◆ Required action
The material below holds the lines to copy: from the one with "Linux Mint Universal Edition screenshot" up to and including the one with "Hua Hin Veranda". Copy them exactly and skip the pictures.

◆ Supplied material
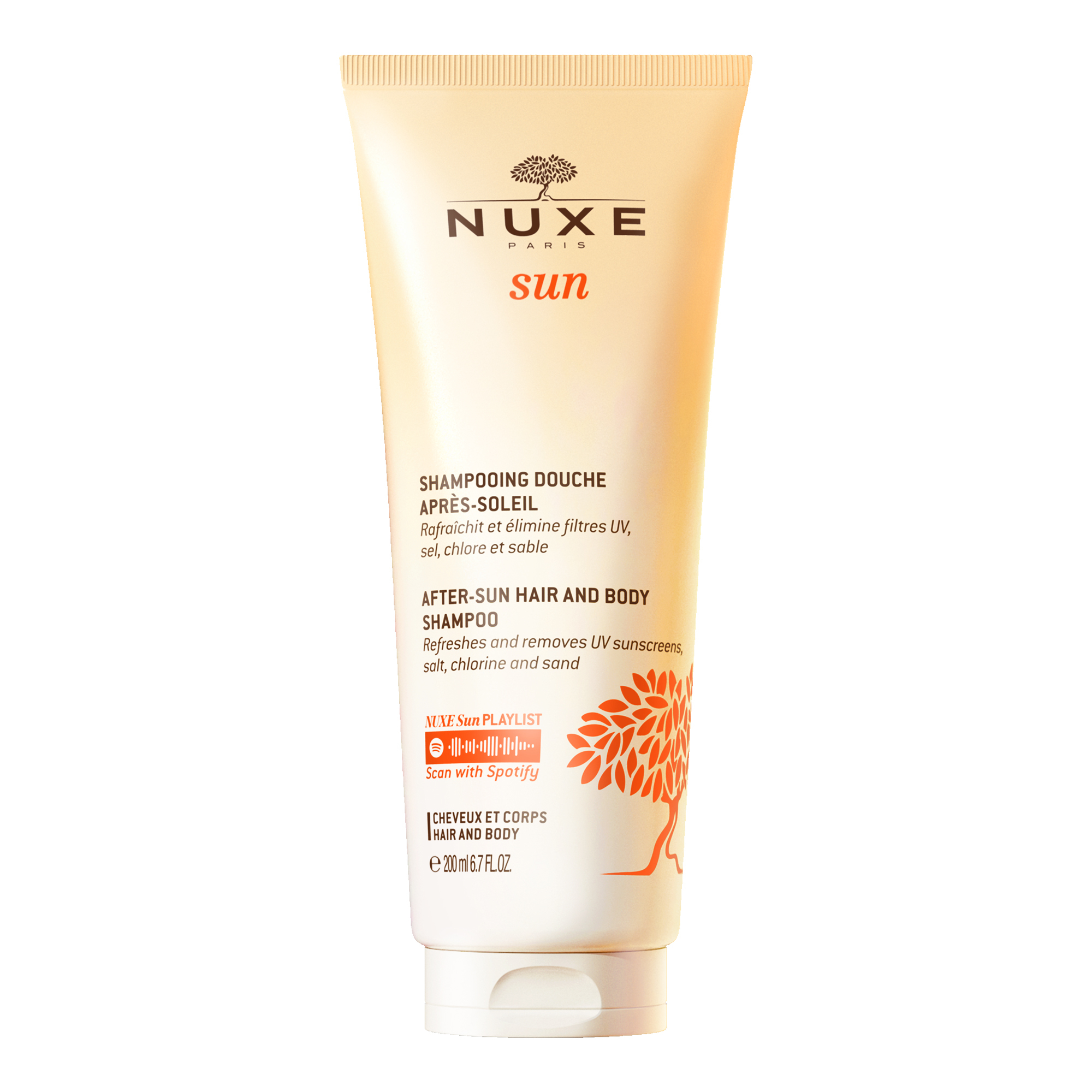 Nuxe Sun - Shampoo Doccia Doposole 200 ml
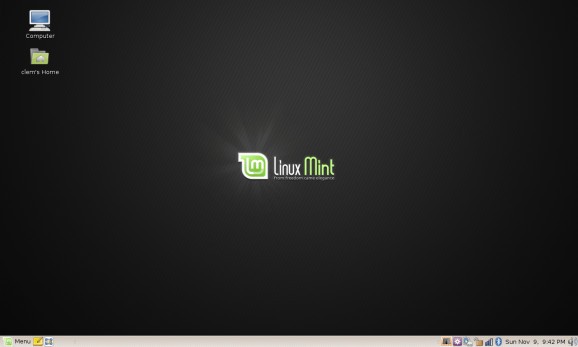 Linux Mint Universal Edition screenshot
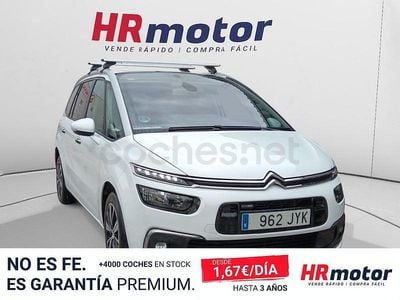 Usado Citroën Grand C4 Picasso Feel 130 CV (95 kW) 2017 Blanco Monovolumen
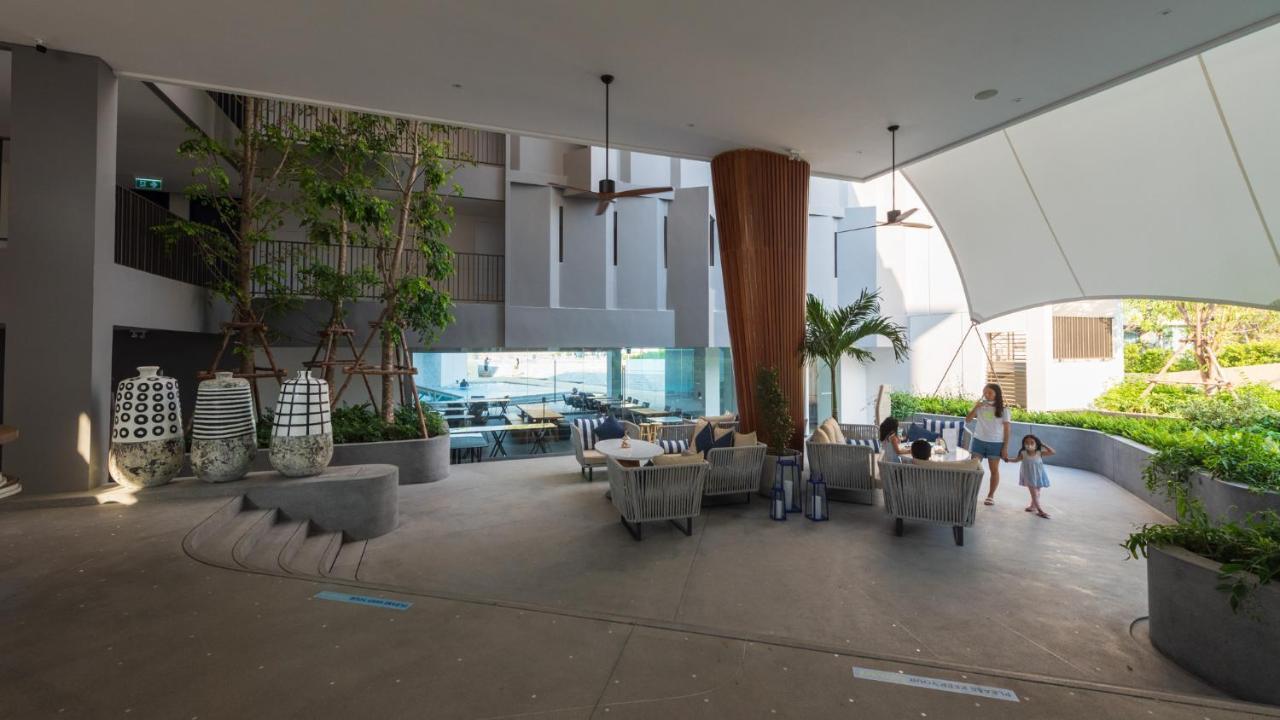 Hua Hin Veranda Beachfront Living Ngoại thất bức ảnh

...

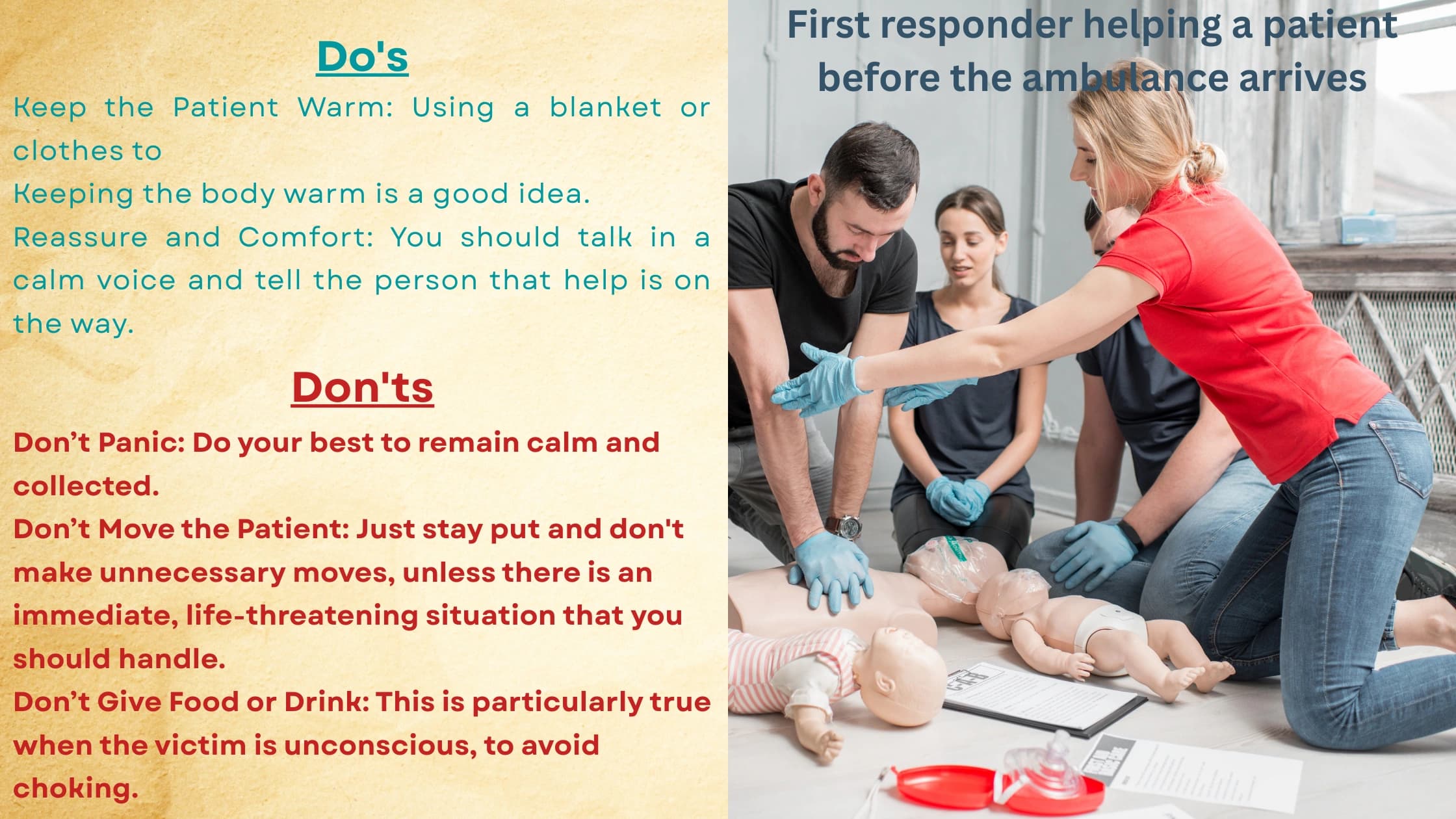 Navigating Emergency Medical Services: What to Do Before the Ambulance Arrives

* * *

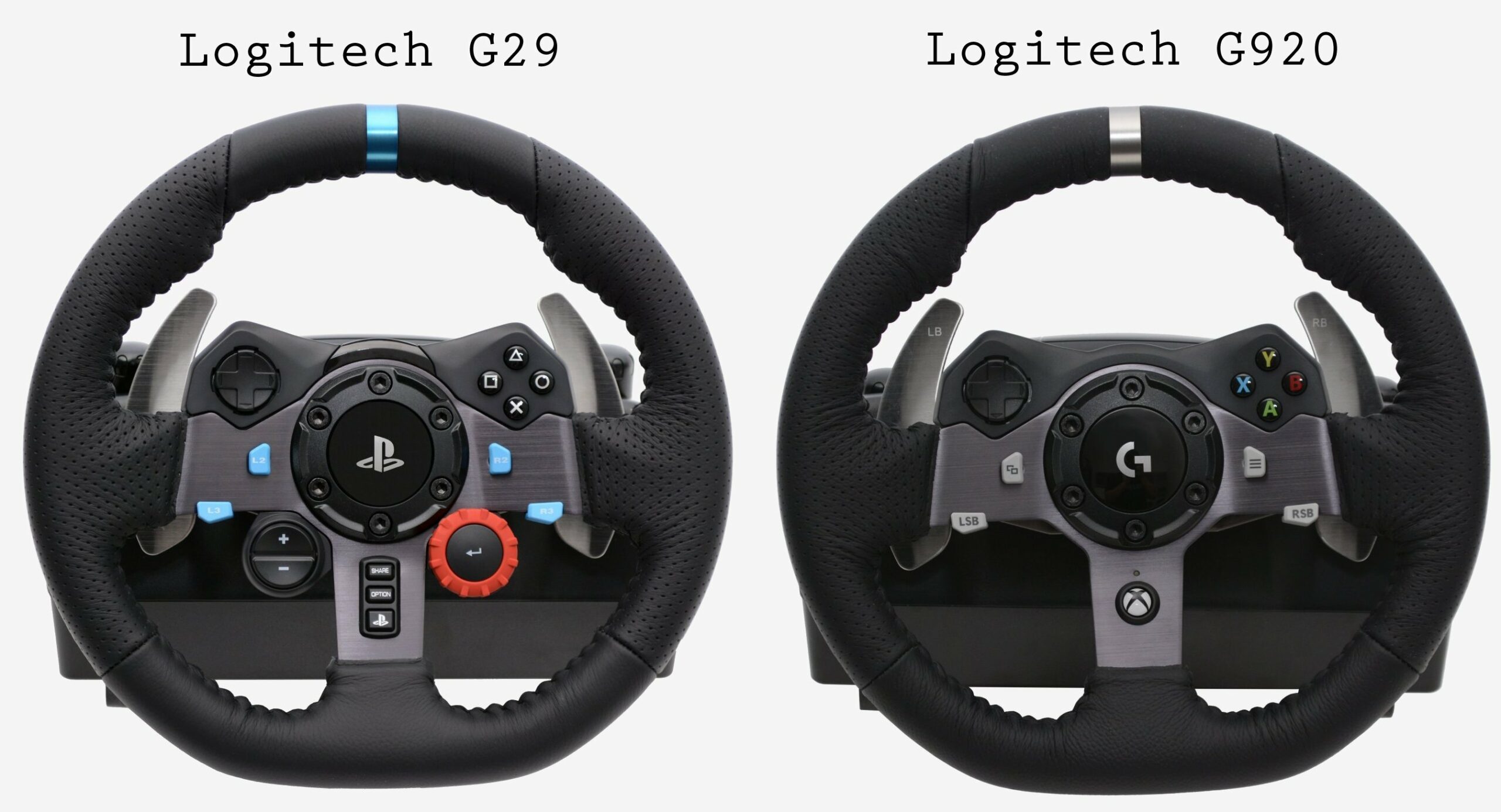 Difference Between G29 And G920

◆ Result
 Linux Mint Universal Edition screenshot
 Usado Citroën Grand C4 Picasso Feel 130 CV (95 kW) 2017 Blanco Monovolumen
 Hua Hin Veranda Beachfront Living Ngoại thất bức ảnh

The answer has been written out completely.